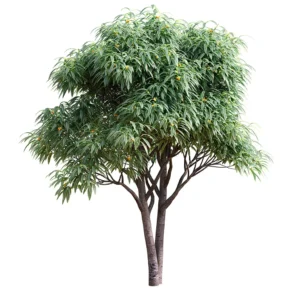 درخت Loquat
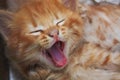 Cat`s Yawn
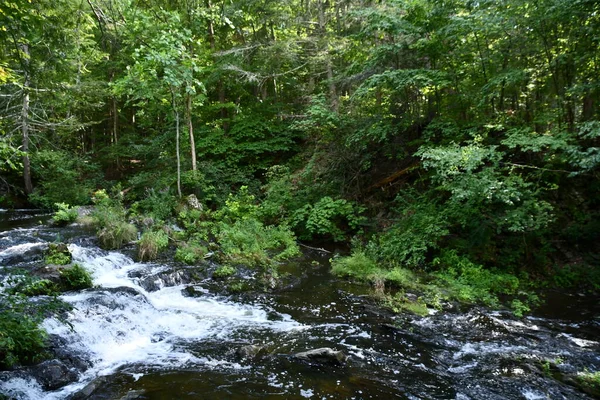 Annandale Hudson Aug Zabriskies Wasserfall Annandale Hudson New York Gesehen — Stockfoto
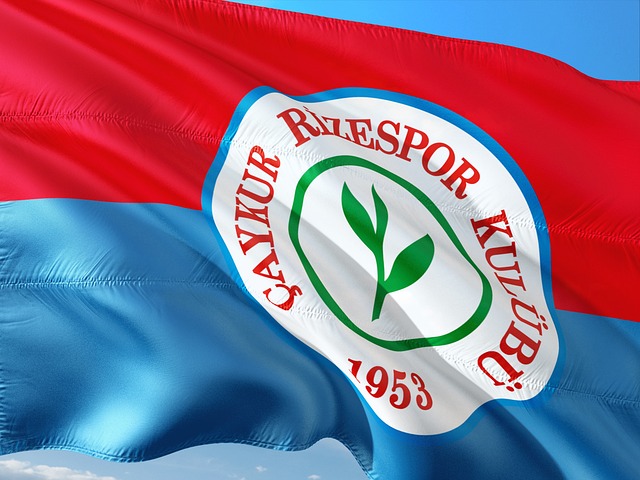 的重要任务 的重要任务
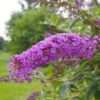 Buddleja Davidii Nanho Purple -Fruit Garden Shop 9443075339 71ffc91389 k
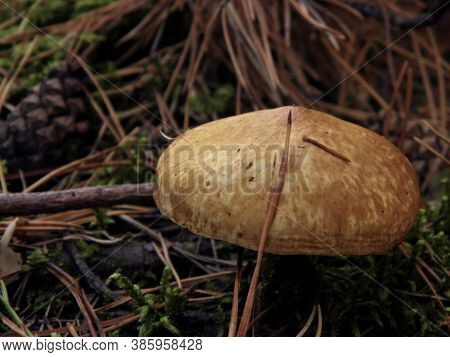 Beautiful Mushrooms Grow In The Forest. Autumn Mushroom Picking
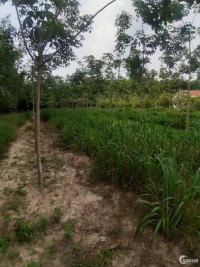 Cần  bán đất mặt tiền đường nhựa liên huyện tại Bàu Bàng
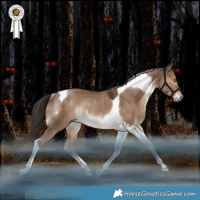 Horse Color:Liver Red Dun Tobiano Rabicano 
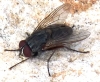 Muscina stabulans (Falln, 1817)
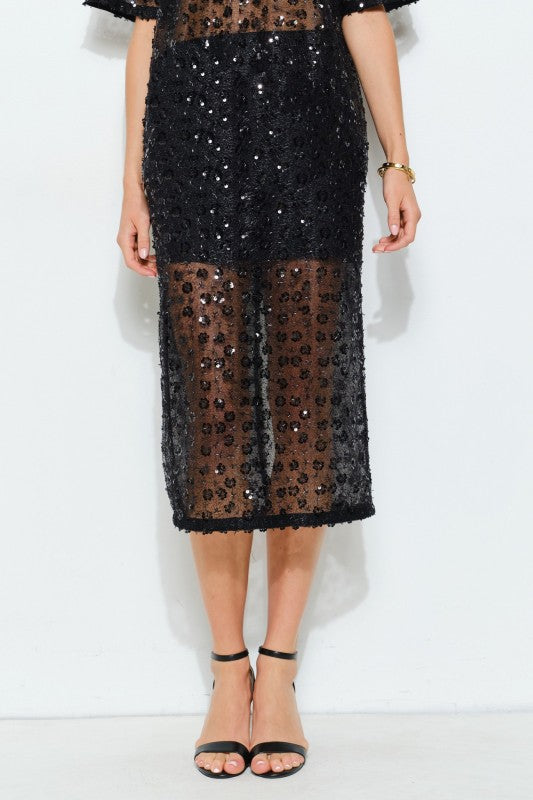 Sequin Embroidered Mesh Midi Skirt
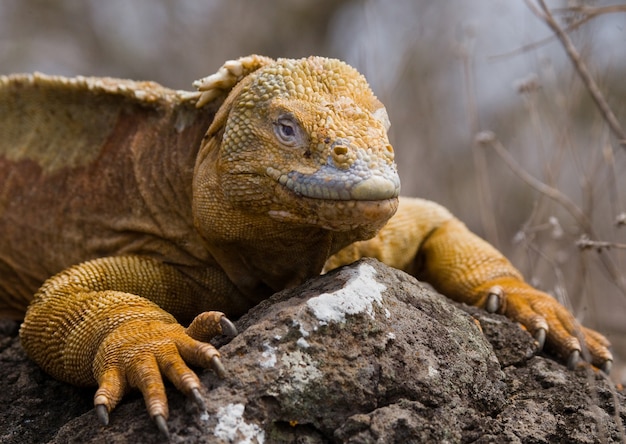A iguana terrestre está sentada nas rochas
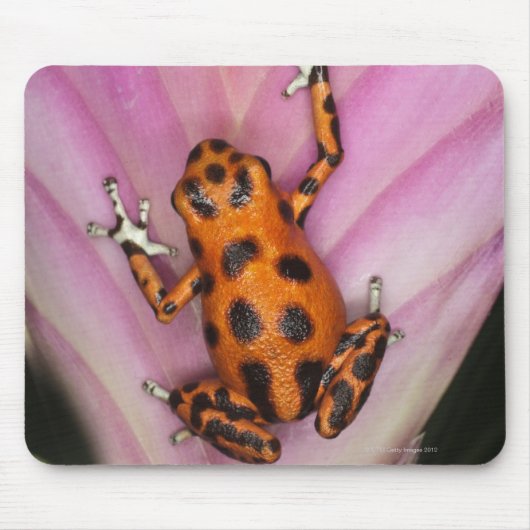 Tapis De Souris Colon Isle Dart Frog, Oophaga pumilio (Devant)
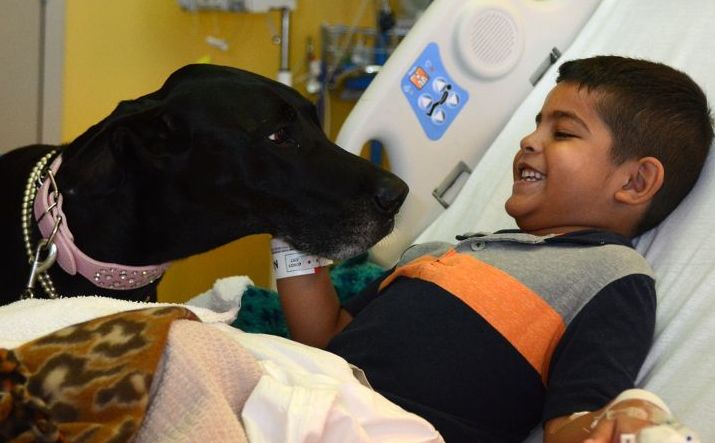 Terapia Canina para tratamiento de niños en Puerto Montt - Diario Puerto Varas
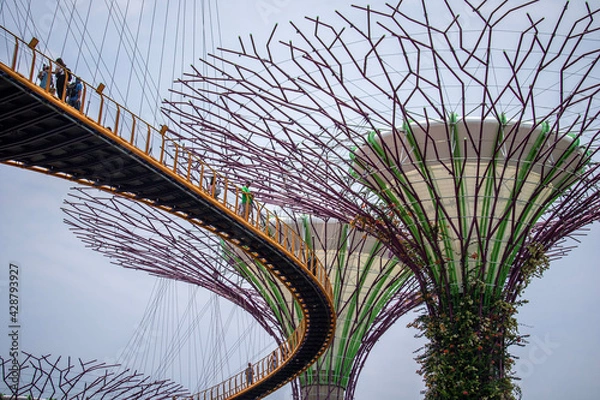 Obraz bridge over river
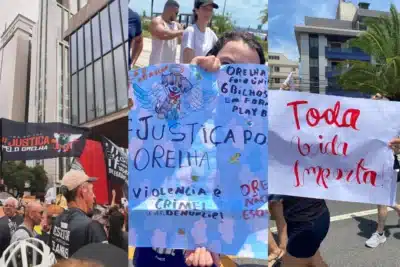 Brasil em choque: Manifestações em massa exigem justiça pela morte de Orelha!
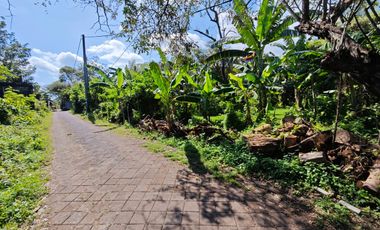 Tanah Strategis di Gedong Sari Nusa Dua Area Villa Dekat Bypass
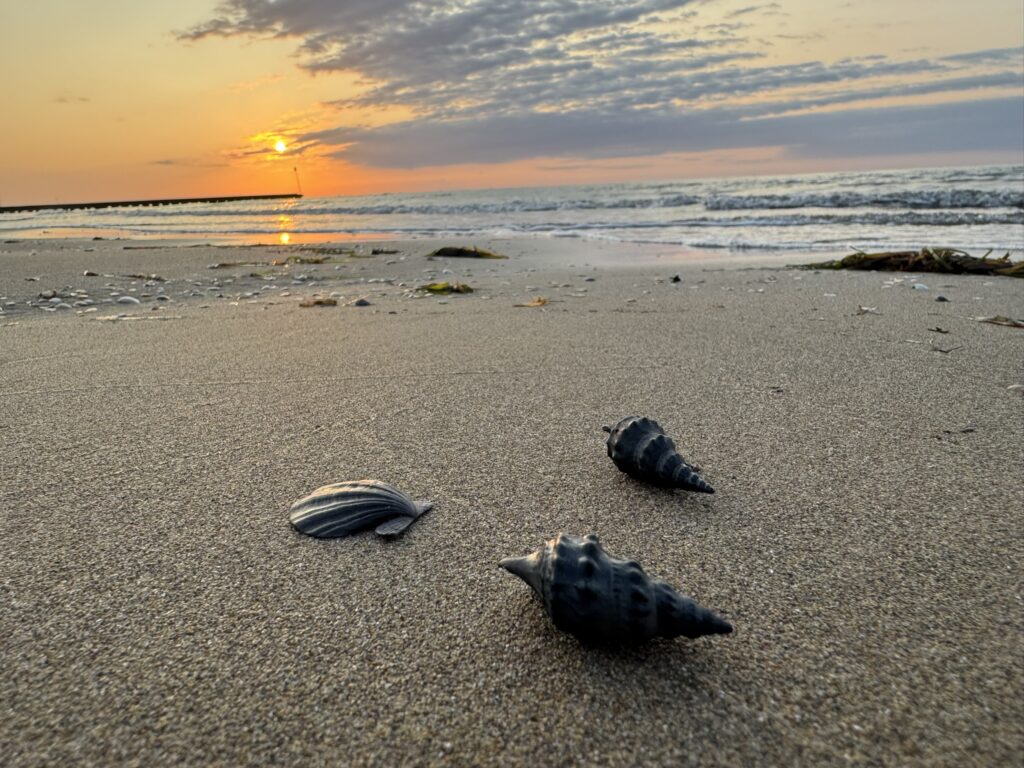 Sonnenaufgang Strand Muscheln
####
■ **Task requirements**: In the data, the line that contains "A iguana terrestre está sentada nas rochas" begins the part to write out; restate it and each line after it word for word through the end, with no pictures.

■ **Response below**:
A iguana terrestre está sentada nas rochas
 Tapis De Souris Colon Isle Dart Frog, Oophaga pumilio (Devant)
 Terapia Canina para tratamiento de niños en Puerto Montt - Diario Puerto Varas
 Obraz bridge over river
 Brasil em choque: Manifestações em massa exigem justiça pela morte de Orelha!
 Tanah Strategis di Gedong Sari Nusa Dua Area Villa Dekat Bypass
 Sonnenaufgang Strand Muscheln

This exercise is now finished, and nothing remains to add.